BP – Você tem uma relação muito bonita com o Brasil e com a América Latina de forma geral. Em Tinta y Tiempo faz referência à música folclórica argentina. Já Bailar em La Cueva traz muito da Colômbia e Salvavidas de Hielo tem muito do México. Você tem – ou pretende ter – um disco que diga “esse é o meu disco mais brasileiro”?
JD – Vou confessar uma coisa que também nunca contei antes. Uma das minhas intenções principais era gravar esse disco novo no Brasil. Eu estava convencido, porque realmente falta esse álbum brasileiro. Porque tenho uma densidade muito grande de amigos músicos aí, tenho conhecimento e um amor muito grande pela cultura do país. Seria maravilhoso passar um tempo em São Paulo e no Rio, com amigos como Tó Brandileone, Marisa Monte e muitos outros. E ir até a Bahia ver o Carlinhos [Brown]. Veio a pandemia e não consegui fazer, mas ainda está nos meus planos. O disco bem brasileiro ainda não aconteceu, mas o Brasil está em todos os meus álbuns, como no primeiro, com a música Éden, que fala do Carnaval de Salvador.
BP – Essa sua relação com o Brasil chama atenção, porque nem sempre é simples para outros artistas latinos criarem uma conexão fluída com o país. Concorda que, apesar de vizinhos, ainda existe uma barreira cultural, idiomática?

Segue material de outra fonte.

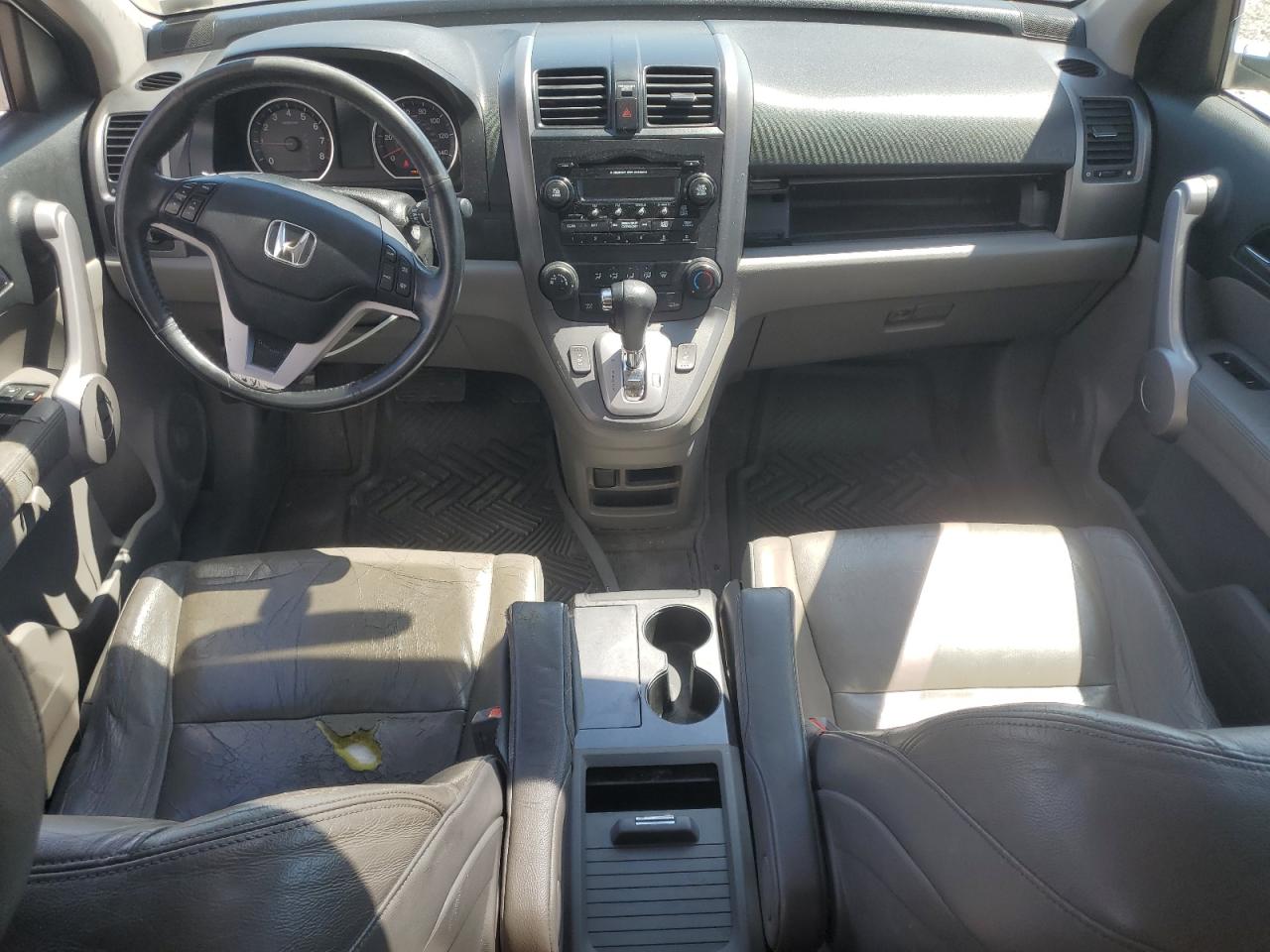 2007 Honda Cr-V Exl VIN: JHLRE48787C004102 Lot: 72085215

JD – Sim, minha trajetória é uma exceção. Por isso me considero muito afortunado e agradecido ao público brasileiro. Não é habitual que o Brasil se abra tanto para músicos estrangeiros e isso acontece porque o país tem uma autonomia musical muito grande – que é resultado de uma produção musical de qualidade muito grande também. Por outro lado, nós uruguaios temos uma relação direta com o Brasil. Somos o único país que tem uma fronteira de mil quilômetros quase totalmente transitáveis com o Brasil. É uma fronteira aberta, é muita conexão. Eu, por exemplo, falo português sem nunca ter tido aulas. Nem sei como eu falo português [risos] e isso acontece com muitos uruguaios.
BP – E aqui em Curitiba, tem algo que te marca? Como é a sua relação com a cidade?
JD – Eu conheço Curitiba há muito tempo. Quando era bem jovem viajei bastante pelo Brasil. Entre 1988 e 1989 estive na cidade pela primeira vez, visitando um amigo que tinha ido estudar, e já naquela época adorei Curitiba, seu ambiente estudantil. Quando estou em turnê não consigo visitar pontos específicos, porque é muito corrido, mas gosto muito do ambiente da cidade, da sua poesia, do Paulo Leminski. Gosto da conexão que o público tem com a poesia. É uma cidade inteligente, perceptiva. Eu me sinto muito confortável quando vou e estou muito animado para sábado.